21c Museum Hotel Durham is opening a new exhibition titled “The Future is Female,” centered around women-related issues and topics. The venue is hosting an opening reception Jan. 30 at 6 p.m., where the artists will hold a panel discussion and opening performance. This event is free and open to the public.
The exhibit, curated by 21c Chief Curator Alice Gray Stites, will feature work from three female artists each touching on different topics related to women empowerment or awareness. Audiences can expect to see how society interacts with women in regards to reproduction, education and civil liberties.
Marisa Morán Jahn is presenting three objects that are brought together by containing an unsuspecting element in order to advocate for women — and instill the faith that women can make decisions for themselves about their reproductive health.
“I'm interested in advocating for communal self-determination," Jahn said. "My piece raises questions about reproductive access, technology, rights and environmental health. So I'm presenting three copper-based technological devices that we use to enable fulfillment of desire.”
Jahn said her project started because she went through her medical records and discovered that her IUD was made of copper, a detail which made her question: “How do I not know the technology in my own body? Where does it come from?”
The second item in her instillation is a bronze pessary, an early contraceptive device used to control fertility and also enable desire, and the third item is a motherboard from the inside of a computer which uses copper for signals and connections.

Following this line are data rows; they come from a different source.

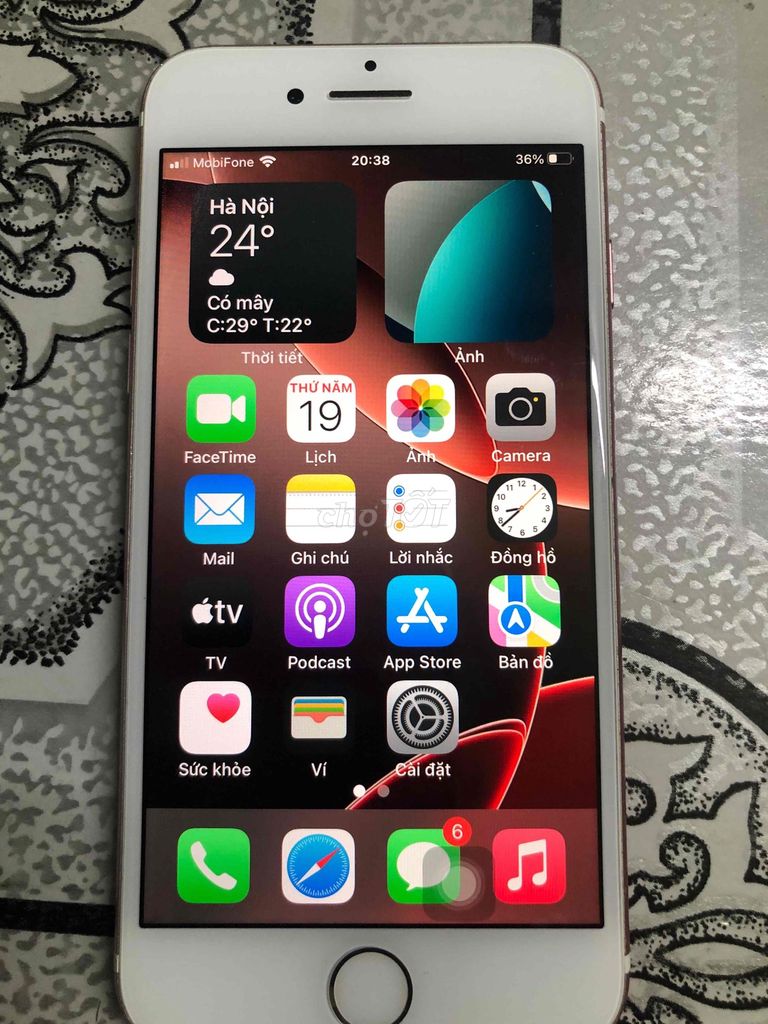 Apple iPhone 7 32GB Vàng hồng. Mua bán Điện thoại tại Quận 4 Tp Hồ Chí Minh được đăng bởi Hphoong hình 1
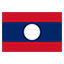 Lao People's Democratic Republic Flag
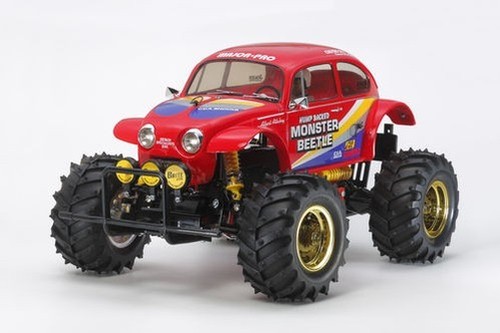 Tamiya 58618 rc monster - 1:10,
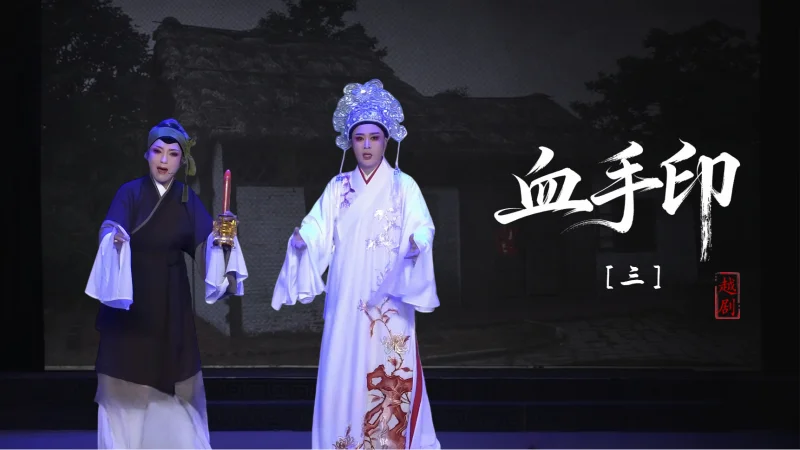 越剧《血手印》第三场-台州市椒北小百花越剧团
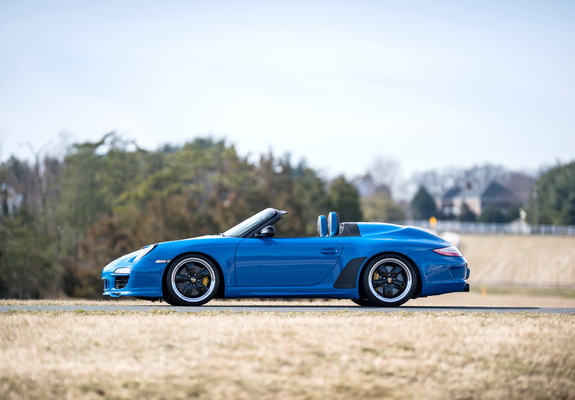 Porsche 911 Speedster North America (997) 2010 images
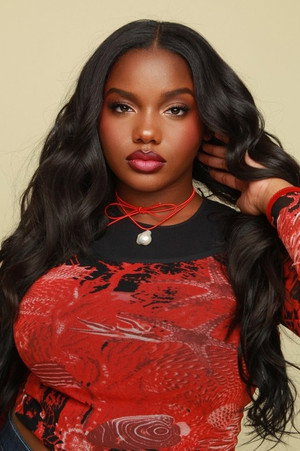 Bria Danielle Singleton in Mariah Carey s All I Want for Christmas Is You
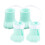 4 Scarpe Antigraffio Per In Silicone Regolabili 1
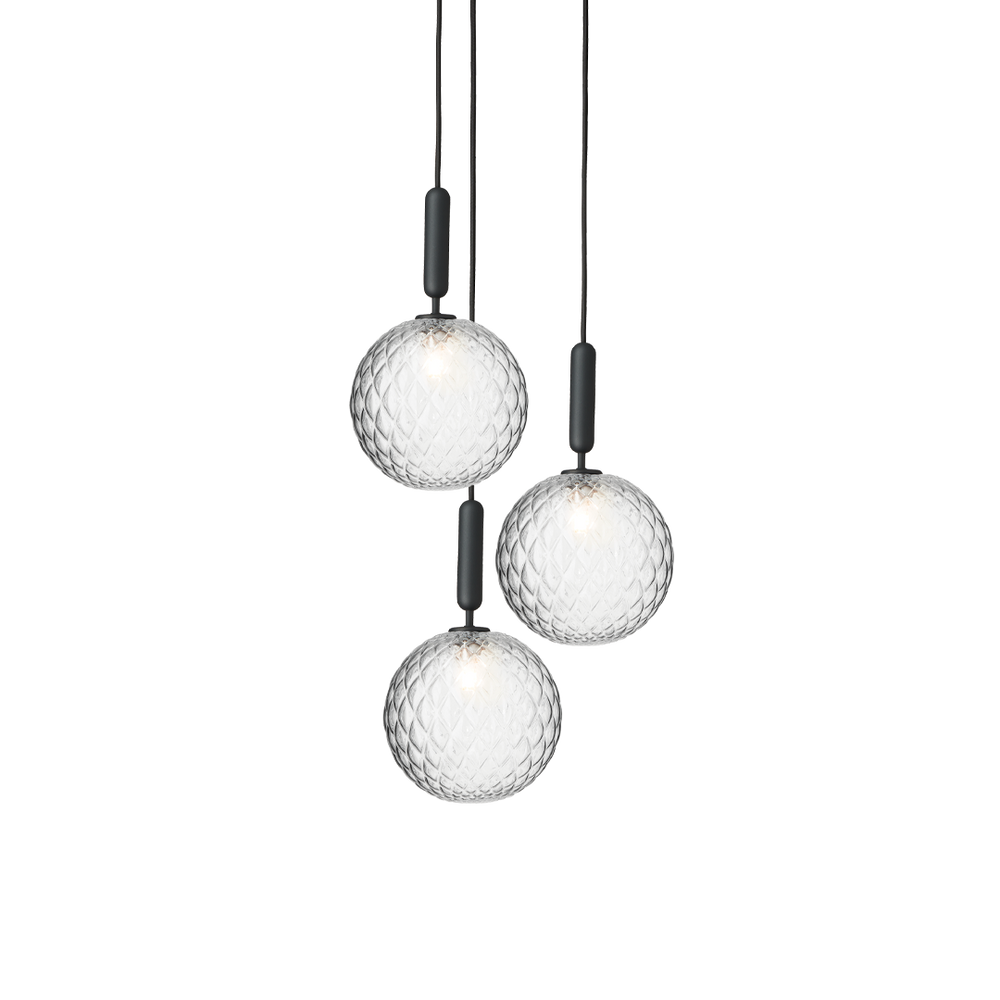 Solara Modern Glass Pendant Light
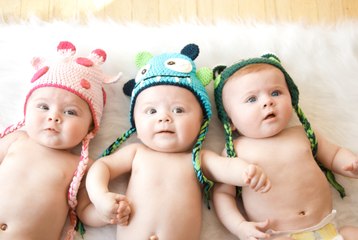Triplet Babies Laughing Funny Compilation 2017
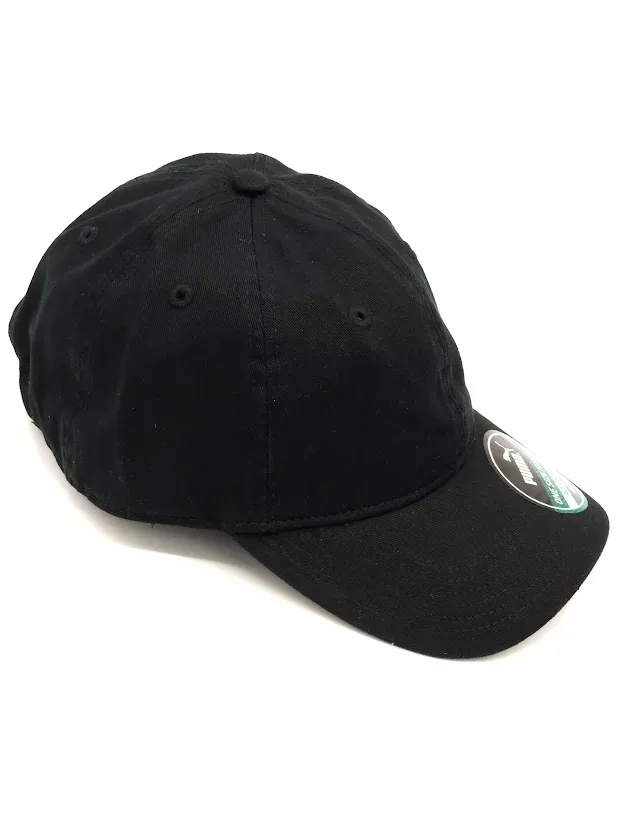 Gorra Puma para caballero color negro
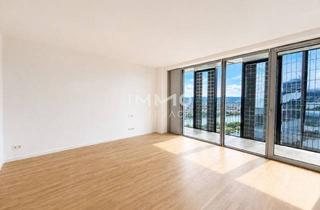 Maisonette mieten in Donau, 1220 Wien, dc2 Tower: Jeden Tag Sonnenuntergang - Erstbezug 39. Etage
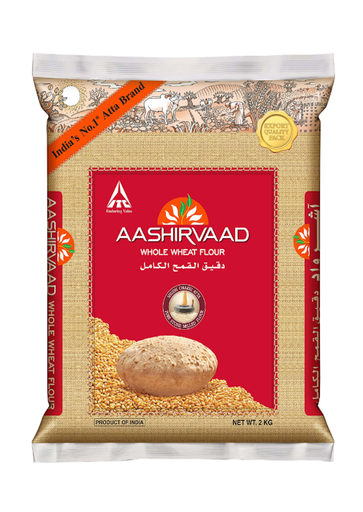 AASHIRVAAD Chakki Atta 2kg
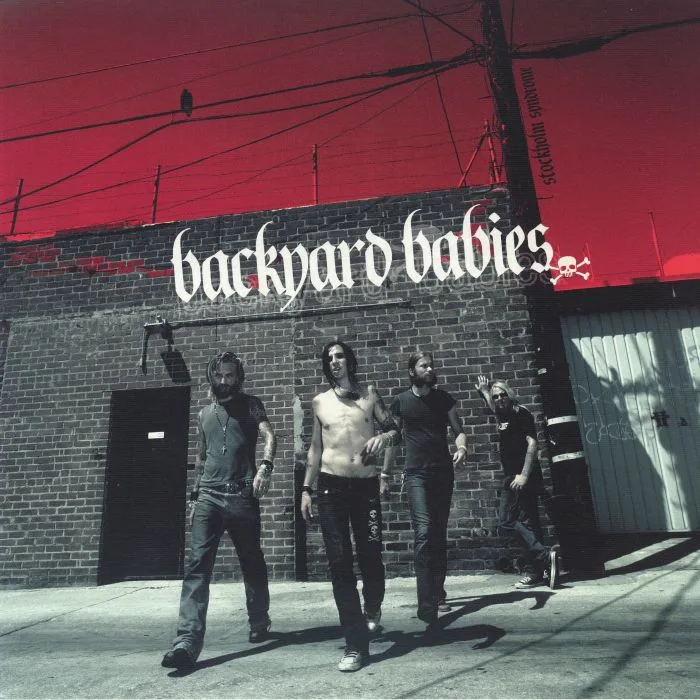 BACKYARD BABIES — Stockholm Syndrome (reissue)
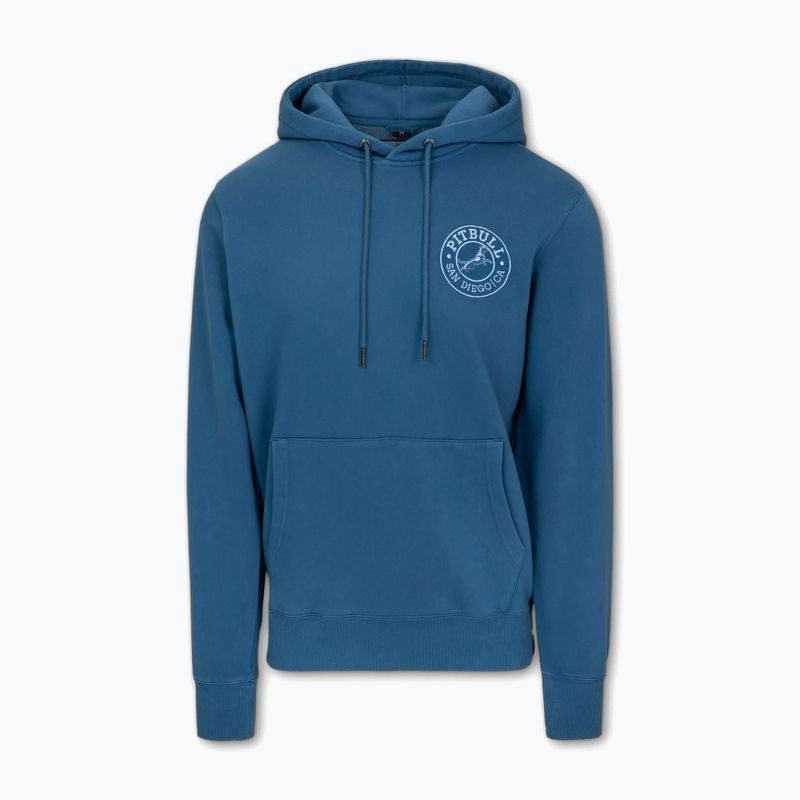 Bluza Pitbull Vintage Boxing Hooded Sweatshirt shade blue 7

Stacy Lynn Waddell’s work is centered around education as a source of power. She acts as a scientist using non-traditional printing techniques and materials to recreate images in a new light.
Her piece “Untitled (Graduate),” a gold leaf portrait of a 1960s graduation picture, will be featured in the exhibit. The photo that Waddell has recreated is her godmother's graduation photo. Waddell said that it is seemingly simplistic, but stands as a testament to women of color in a pre-Civil Rights movement.
“Education was something that people were denied and had to fight for," Waddell said. "You have to think about what was happening during that time, not just with Black people, but with women, and the specific problems that women had during the feminist movement. Black women are the most educated in America and yet, the same barriers from then (the 1960s) we are still having to break through and make our way to certain levels of success. The needle keeps moving.”